Event Concurrency

Hiya,

I’ve built a component that allows other components to ‘subscribe’ (register a handler) to receive asynchronous event messages via the Legato Event handling API.

I’m just wondering what happens to event ‘messages’ when a second event is received by the same handler before the previous one has finished processing?

Are the messages ‘queued’ (will be processed when the previous one has finished), or are they ‘dropped’ (couldn’t handle the new message because the handler was still working on the previous one)?

It’s not that I have very long messages, but I have identified a potential state where two messages could come in at (very close to) the same time. If messages are dropped, then I’ll have to look at casting a thread to process the message so that the event handler blocks for the least amount of time possible. But I don’t want to have to deal with multi-threading unless I really have to!

BTW, order of message reception is not important in this application.

ciao, Dave

Hi @davidc

Every event loop has an event queue, which is a queue of events waiting to be handled by that event loop.
When an event report reaches the front of an Event Queue, the Event Loop will pop it from the queue and call any handlers that have been registered for that event.
When a second event is received by the same handler before the previous one has finished processing, event will be queued up and are not dropped.
It is not required to handle the events in seperate threads even if event message comes at same time.

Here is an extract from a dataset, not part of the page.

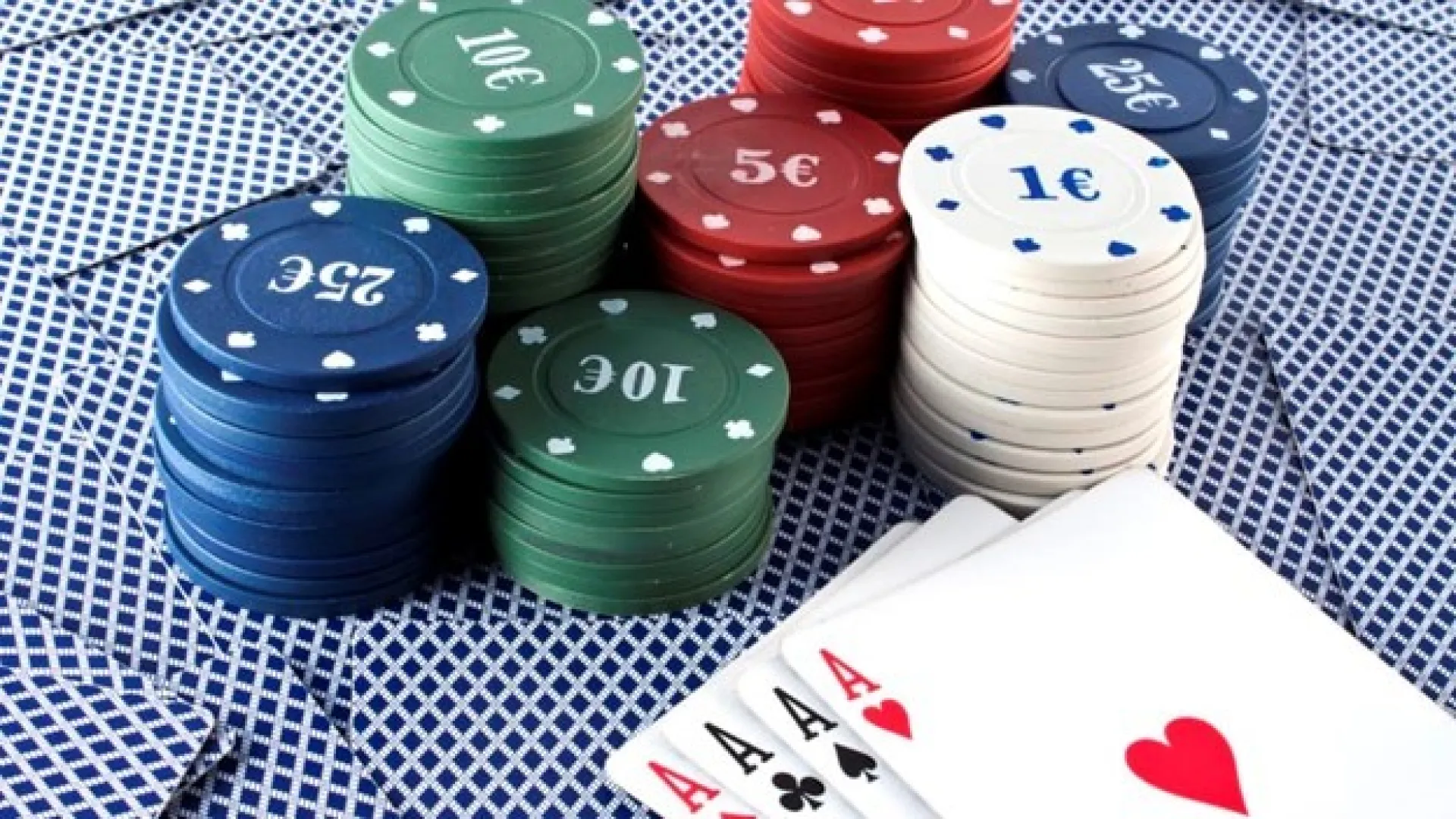 Nguồn gốc bài Catte Manclub Nguồn gốc bài Catte Manclub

When an event report reaches the front of a thread’s Event Queue, that thread’s Event Loop reads the report and then:
• Calls the handler functions registered by that thread.
• Points to the report payload passed to the handler as a parameter.
• Reports the payload was deleted on return, so the handler function must copy any contents to keep.

As payload was deleted on return, it is necessary to handler function must copy any contents to keep.
Please refer Event Loop API - Legato Docs for detailed information.